Generative Adversarial Networks: What it is, How they work, and My Experiments

Generative Adversarial Networks: What it is, How they work, and My Experiments

Over the past month, I've been studying Generative Adversarial Networks (GANs). I started with the basics, using the MNIST dataset, and advanced through implementing a Conditional GAN (CGAN) with a Deep Convolutional GAN (DCGAN) architecture. Here’s a breakdown of my progress, key insights, challenges, and future goals:

Understanding the Basics of GANs

At a high level, GANs are composed of two neural networks that compete with each other:

  1. Generator: This network takes random noise as input and generates synthetic data.
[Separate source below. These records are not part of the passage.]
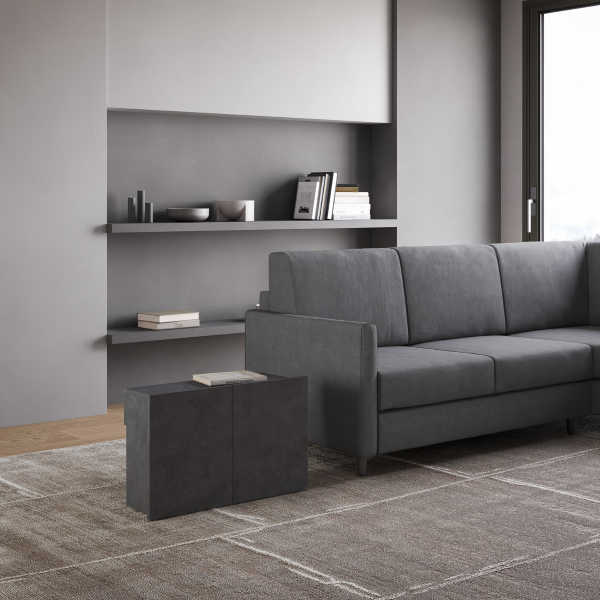 Panca con ruote allungabile fino a 300 cm ELIA Antracite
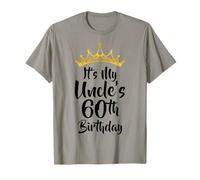 It's My Uncle's 60th Birthday Crown Happy 60 Years Old T-Shirt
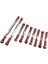 9x Metal Direksiyon Servo Bağlantıları 1/12 Wltoys FY01 Rc Trawlers Için Çekme Çubukları Kırmızı 5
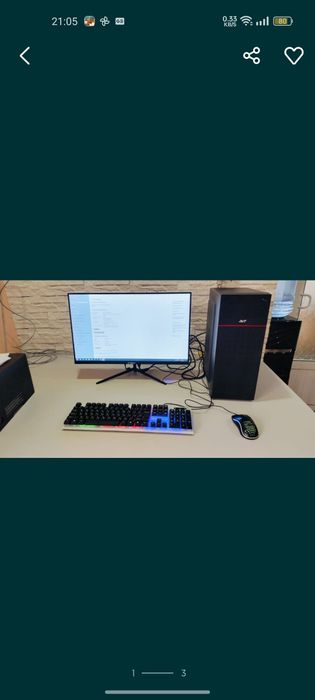 Тез ва арзон комплект компютер сотилади i5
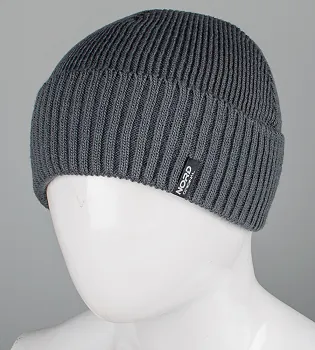 Шапка чоловіча з відворотом (С2321), Графіт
Its goal is to create realistic data to fool the second network, the Discriminator.
  2. Discriminator: This network receives both real data (from a dataset) and fake data (from the Generator). Its objective is to classify the real data as real correctly and the fake data as fake.

The competition between these networks creates a feedback loop: as the Generator gets better at creating convincing fakes, the Discriminator has to become more discerning. Training them simultaneously requires a delicate balance—if one network gets too strong too fast, the other struggles to improve.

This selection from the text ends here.